#### [Task prompt]
The output consists only of the lines from the one with "Woman reviewing tax" through the end of the records, each printed exactly, and contains no pictures.

(Items from a data source)
------------------------------------------------------------
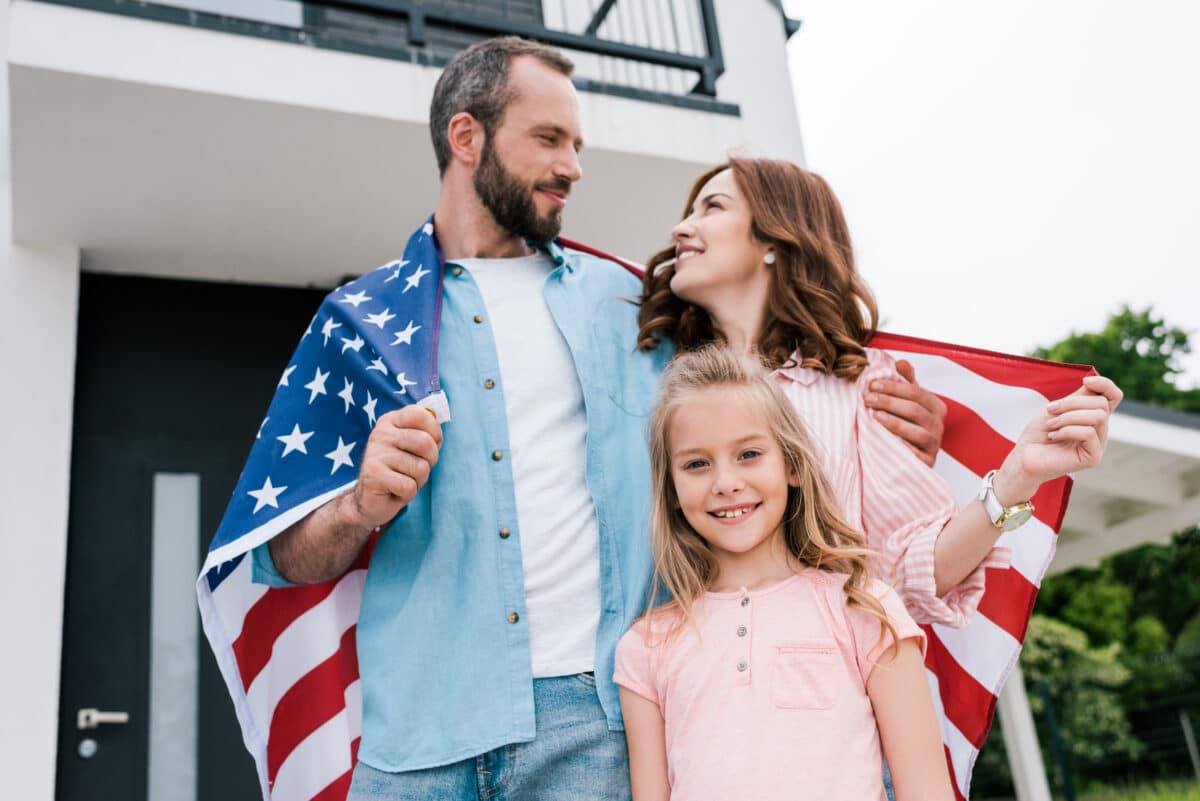 A family enjoys 4th of July quotes about their freedom as they stand and honor the U.S. flag. | The Dating Divas
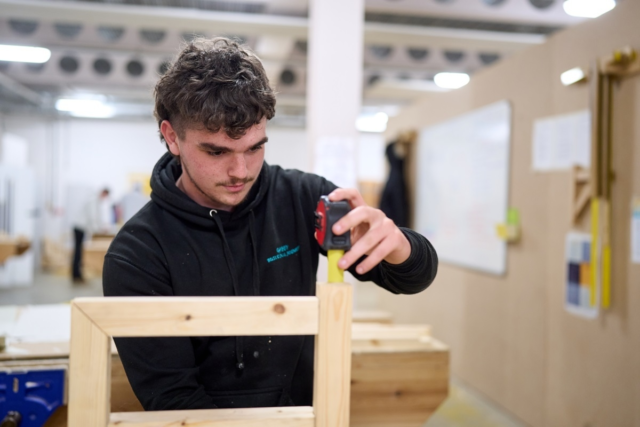 Carpentry student measuring a wooden frame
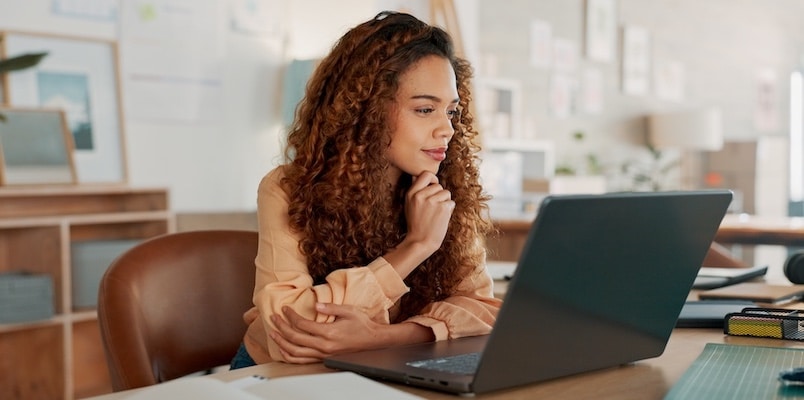 Woman reviewing tax updates on her laptop while learning about changes for 2025 tax year.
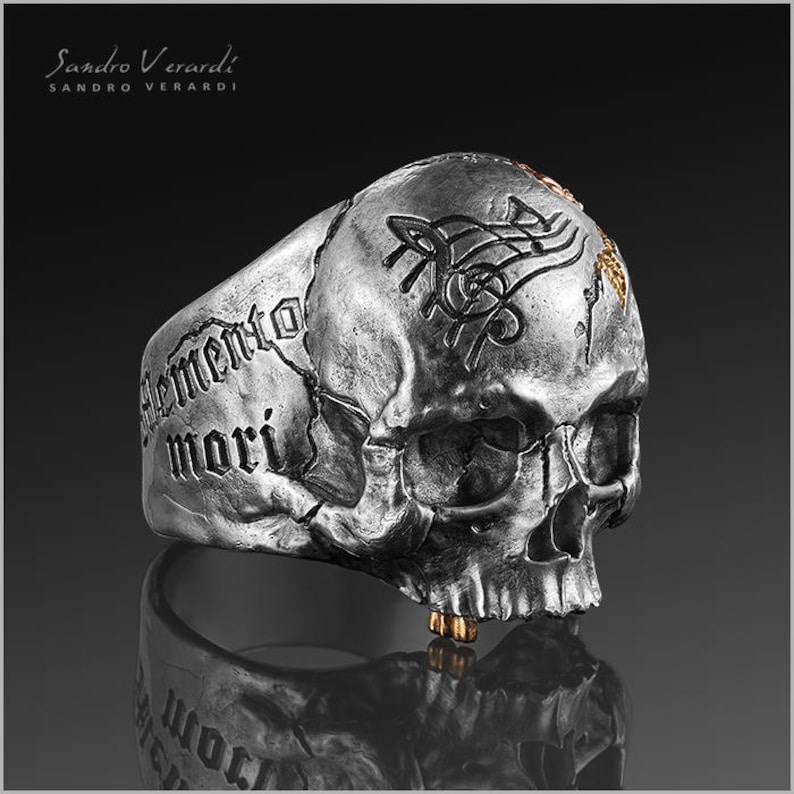 Puede incluir: Un anillo de calavera de plata con un dise&ntilde;o detallado y la inscripci&oacute;n "Memento Mori" en el lateral. El anillo tiene un acento dorado en la parte superior.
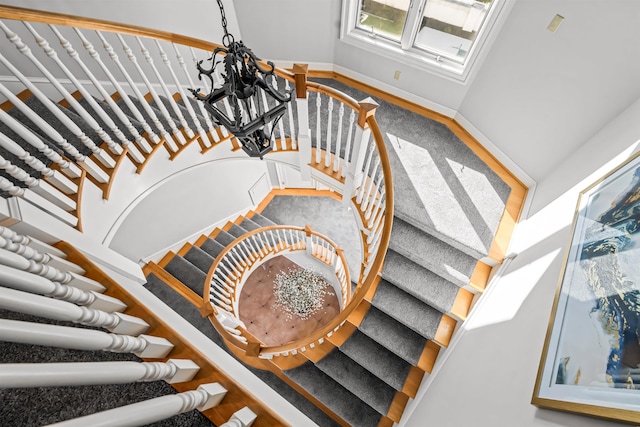 stairs with baseboards and an inviting chandelier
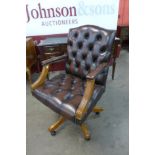 A mahogany and chestnut brown leather revolving chair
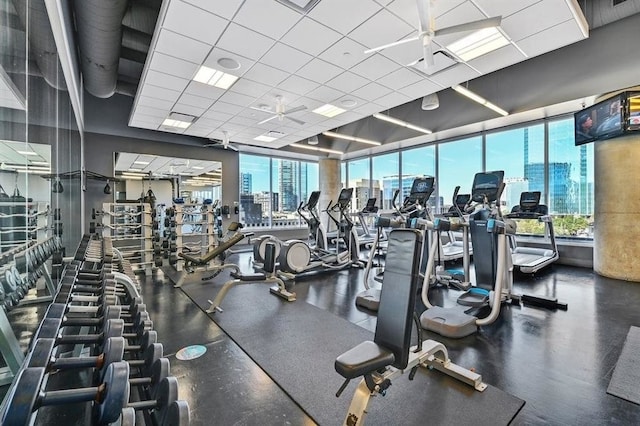 exercise room featuring a paneled ceiling and visible vents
------------------------------------------------------------
#### [Response to the exercise]
 Woman reviewing tax updates on her laptop while learning about changes for 2025 tax year.
 Puede incluir: Un anillo de calavera de plata con un dise&ntilde;o detallado y la inscripci&oacute;n "Memento Mori" en el lateral. El anillo tiene un acento dorado en la parte superior.
 stairs with baseboards and an inviting chandelier
 A mahogany and chestnut brown leather revolving chair
 exercise room featuring a paneled ceiling and visible vents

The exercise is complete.